You know the old saying "If it ain't broke, don't fix it?" This advice seems to have been plaguing developer 10tons for a while now. Where they found success in run-based shooters previously through titles like Neon Chrome, Xenoraid, and Time Recoil, their latest attempts at remixing the foundations of these games into new titles have had pretty mixed results. This is no different for Skeletal Avenger, which jumbles together a bunch of tried-and-true roguelite systems with one or two gimmick mecahnics into an end product that doesn't feel like a cohesive whole.

A bone to pick

Skeletal Avenger is a top-down action game where you play as a pissed off skeleton who has been reanimated to get back at those that contributed to their demise. It's one of those premises that is so dumb that it's cool, but what it translates to is wandering through procedurally-generated multi-floor dungeons where you kill mobs of enemies, avoid traps, and find upgrade abilities and loot before facing off with a big bad boss.

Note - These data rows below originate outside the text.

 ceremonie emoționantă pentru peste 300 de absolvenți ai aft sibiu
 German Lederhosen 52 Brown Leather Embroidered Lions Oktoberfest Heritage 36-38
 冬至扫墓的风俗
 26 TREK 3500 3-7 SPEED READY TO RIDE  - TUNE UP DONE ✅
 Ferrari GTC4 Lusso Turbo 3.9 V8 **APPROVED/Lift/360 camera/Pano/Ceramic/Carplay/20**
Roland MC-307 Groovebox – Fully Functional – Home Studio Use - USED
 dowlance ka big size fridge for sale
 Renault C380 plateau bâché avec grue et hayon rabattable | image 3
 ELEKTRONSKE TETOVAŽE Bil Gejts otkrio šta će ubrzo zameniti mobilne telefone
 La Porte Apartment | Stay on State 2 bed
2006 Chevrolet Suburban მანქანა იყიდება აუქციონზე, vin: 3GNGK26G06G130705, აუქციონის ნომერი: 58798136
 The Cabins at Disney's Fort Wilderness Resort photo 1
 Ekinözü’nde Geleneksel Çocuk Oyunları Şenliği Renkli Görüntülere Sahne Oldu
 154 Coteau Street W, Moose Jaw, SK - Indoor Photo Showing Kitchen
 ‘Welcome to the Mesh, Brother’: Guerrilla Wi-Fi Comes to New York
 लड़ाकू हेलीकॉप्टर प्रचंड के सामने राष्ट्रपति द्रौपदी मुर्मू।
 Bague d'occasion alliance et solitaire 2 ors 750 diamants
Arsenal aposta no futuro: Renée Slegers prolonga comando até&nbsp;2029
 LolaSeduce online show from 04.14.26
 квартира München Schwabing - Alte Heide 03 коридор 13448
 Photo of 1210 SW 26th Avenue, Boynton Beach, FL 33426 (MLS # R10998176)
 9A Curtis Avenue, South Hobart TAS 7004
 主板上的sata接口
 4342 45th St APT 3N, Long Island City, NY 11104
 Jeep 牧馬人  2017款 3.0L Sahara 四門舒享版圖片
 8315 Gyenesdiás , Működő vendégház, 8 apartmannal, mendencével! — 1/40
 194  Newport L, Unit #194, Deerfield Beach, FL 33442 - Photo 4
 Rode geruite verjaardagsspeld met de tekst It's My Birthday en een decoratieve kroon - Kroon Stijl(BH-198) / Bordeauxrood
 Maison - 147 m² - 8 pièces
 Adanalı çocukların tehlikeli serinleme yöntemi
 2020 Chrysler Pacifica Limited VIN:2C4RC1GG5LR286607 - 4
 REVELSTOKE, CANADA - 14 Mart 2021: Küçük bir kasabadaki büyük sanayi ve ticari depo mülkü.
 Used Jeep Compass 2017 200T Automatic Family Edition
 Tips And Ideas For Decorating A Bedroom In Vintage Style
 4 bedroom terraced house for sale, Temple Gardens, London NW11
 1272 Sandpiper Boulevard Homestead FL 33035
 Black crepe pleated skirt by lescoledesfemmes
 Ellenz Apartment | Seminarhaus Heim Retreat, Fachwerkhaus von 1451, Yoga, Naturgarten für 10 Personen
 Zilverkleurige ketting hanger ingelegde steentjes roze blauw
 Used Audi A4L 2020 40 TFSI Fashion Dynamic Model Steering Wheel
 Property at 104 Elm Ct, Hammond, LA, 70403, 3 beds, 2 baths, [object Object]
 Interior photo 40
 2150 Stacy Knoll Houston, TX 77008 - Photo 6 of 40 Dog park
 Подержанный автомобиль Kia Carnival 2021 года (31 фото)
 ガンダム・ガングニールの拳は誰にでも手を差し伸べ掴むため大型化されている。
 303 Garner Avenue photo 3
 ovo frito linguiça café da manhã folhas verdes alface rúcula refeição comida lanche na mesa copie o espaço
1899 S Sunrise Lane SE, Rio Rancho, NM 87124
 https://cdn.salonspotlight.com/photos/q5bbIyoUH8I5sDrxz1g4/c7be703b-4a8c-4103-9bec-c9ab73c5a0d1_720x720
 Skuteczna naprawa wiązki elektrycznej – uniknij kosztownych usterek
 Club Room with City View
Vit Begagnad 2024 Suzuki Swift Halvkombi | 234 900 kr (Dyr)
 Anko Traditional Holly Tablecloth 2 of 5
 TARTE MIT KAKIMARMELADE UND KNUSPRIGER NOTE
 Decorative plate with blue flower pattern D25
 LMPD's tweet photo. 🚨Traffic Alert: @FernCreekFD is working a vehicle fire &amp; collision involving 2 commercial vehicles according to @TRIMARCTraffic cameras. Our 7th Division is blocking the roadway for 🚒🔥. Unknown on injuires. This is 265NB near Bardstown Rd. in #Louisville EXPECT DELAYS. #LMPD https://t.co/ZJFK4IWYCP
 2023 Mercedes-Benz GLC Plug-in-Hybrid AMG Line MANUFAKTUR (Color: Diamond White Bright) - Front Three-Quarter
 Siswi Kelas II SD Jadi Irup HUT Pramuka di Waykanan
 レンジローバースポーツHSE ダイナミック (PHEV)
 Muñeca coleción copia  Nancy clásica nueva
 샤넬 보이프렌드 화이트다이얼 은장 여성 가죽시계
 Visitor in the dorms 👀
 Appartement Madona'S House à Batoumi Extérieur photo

Killing bosses grants you bloodstones which are a currency that unlocks harder levels with more powerful bosses that live in other dungeon types. As you dungeon crawl, you have a primary weapon in tow that has two unique attack buttons, a limited dash ability, and the power to remove your head and chuck it at enemies. With these abilities alone, you need to try and stay alive across as many dungeons as possible to rack up your collection of bloodstones.

Reanimate and repeat

As a run-based game with roguelike elements, Skeletal Avenger punishes players who can't stay alive. Death resets your progess on the dungeon you were working your way through and takes away some of your accumulated bloodstones for good measure. On the flipside, if you complete dungeons without losing any life you receive bonus bloodstones for achieving "flawless revenge."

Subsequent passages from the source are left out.